DeWeerth v. Baldinger | Case Brief - 386 F.2d 103 (1987) - US Court of Appeals for the 2nd Circuit

FACTS: The stolen property is a painting by Monet.  Deweerth inherited the painting from her father and in 1943 sent it to the home of her sister during WWII.  At the end of the war American soldiers were stationed in her sister's residence and shortly after they left, the sister noticed the Monet was missing.  Deweerth contacted several military officials but nothing happened.  In 1948 she contacted her lawyer about possible insurance claims but that was a dead-end.  In 1955 Deweerth contacted  Dr. Strange to investigate the whereabouts of the painting but he didn't do anything.  Then in 1957 she contacted the Bundeskriminalamt.

In 1956 the painting reappeared on the art market and was sold to Edith Marks Baldinger.  Baldinger displayed the painting at a few art exhibits but usually kept it herself.  Deweerth learned that Baldinger had the painting through her nephew who had heard about it and was able to trace the purchase through an art catalogue.

HISTORY: NY law starts the statute of limitations running when one innocently buys stolen property at the time the owner demands return of the property.

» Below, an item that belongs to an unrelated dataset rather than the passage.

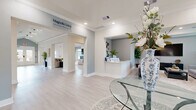 Located at 540 Hobbs Road in League City, Texas, this spacious single-floor facility offers a thoughtfully designed layout encompassing a wide variety of functional amenities. The entrance welcomes visitors with light-washed walls, light wood-look flooring, and clean crown molding that carry throughout the entire space, establishing a cohesive and polished aesthetic.

Multiple living areas provide versatile gathering spaces, while a bright dining room features large windows that flood the room with natural light and views of the surrounding neighborhood. A wall-mounted television adds a media-friendly touch to the dining area. The dedicated kitchen is outfitted with gray shaker-style cabinetry, a dishwasher, microwave, and ample counter space, supporting both everyday use and group functions.

A stylish game room serves as a social hub, complete with poker tables, a shuffleboard table, and framed artwork, all bathed in recessed lighting. Adjacent to it, a well-appointed bar area features a white countertop peninsula with bar seating, built-in shelving, and pendant ring lighting, perfect for hosting.

The fitness center is comprehensively equipped with cardio machines, weight equipment, resistance machines, free weights, exercise balls, and wall-mounted mirrors and a TV — offering a full workout experience. Hallways connect each area seamlessly, maintaining an open and navigable flow throughout this impressive, amenity-rich facility.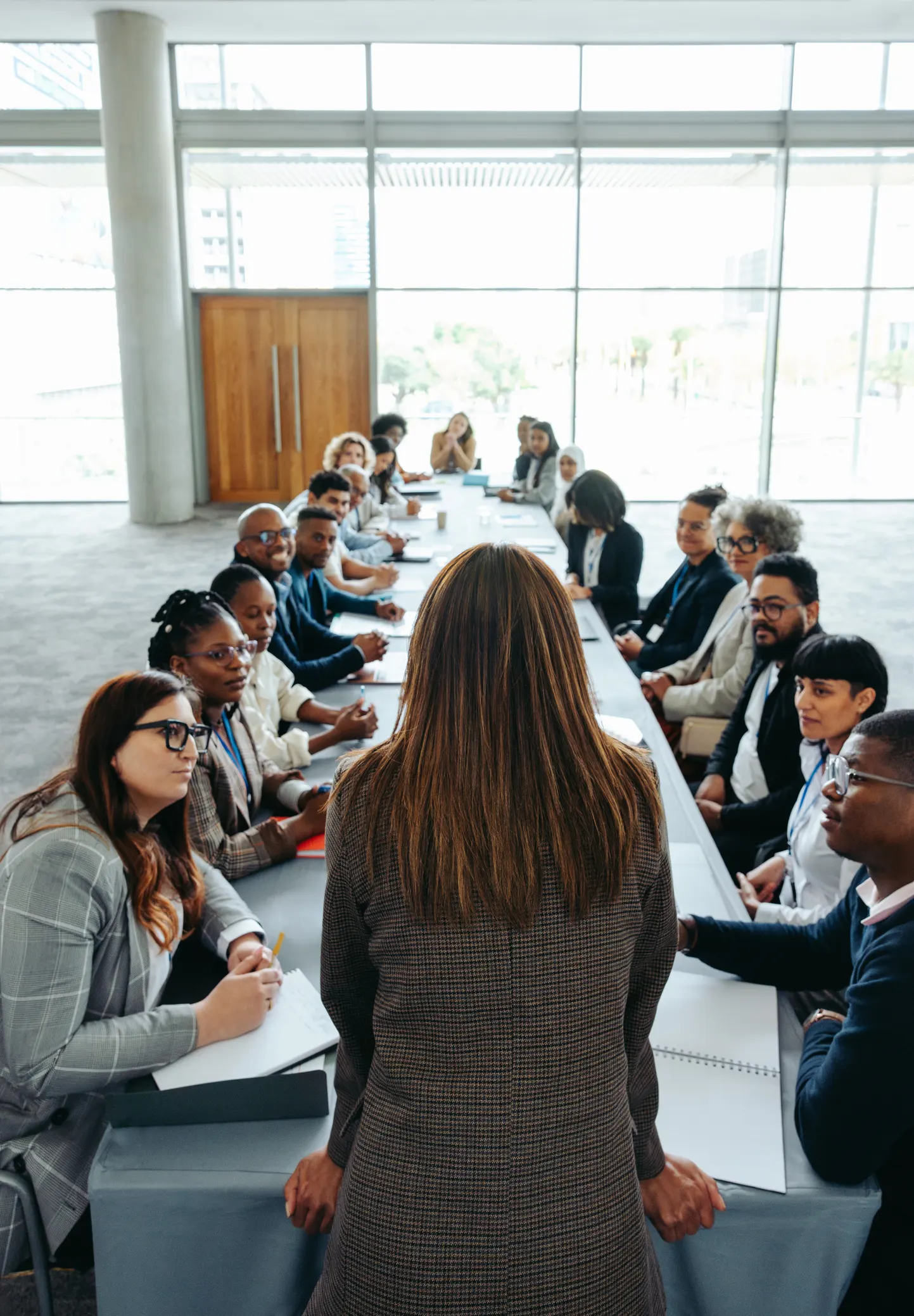 Empowered woman leading a diverse group meeting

ISSUE: Whether NY law imposes upon a Person who claims ownership of stolen personal property an obligation to use diligence in attempting to locate the property?

HOLDING: Yes

RATIONALE: We believe the NY courts would impose a duty of reasonable diligence in attempting to locate stolen property.  Because valuable artwork cannot be converted (it would lose its value) the owner has a better chance of relocating it than most other forms of stolen property.

A due diligence rule will help protect the innocent purchaser (544)

Deweerth's investigation was minimal.

To require a good-faith purchaser who has owned a painting for 30 years to defend under these circumstances would be unjust.